* [Assignment]
Starting at the line that holds "Отель Odkrywcow 3*", transcribe every line to the end of the data exactly; include no other lines.

* [Source data]

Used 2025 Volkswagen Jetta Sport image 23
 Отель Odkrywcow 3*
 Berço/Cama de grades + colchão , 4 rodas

* [Written reply]
 Отель Odkrywcow 3*
 Berço/Cama de grades + colchão , 4 rodas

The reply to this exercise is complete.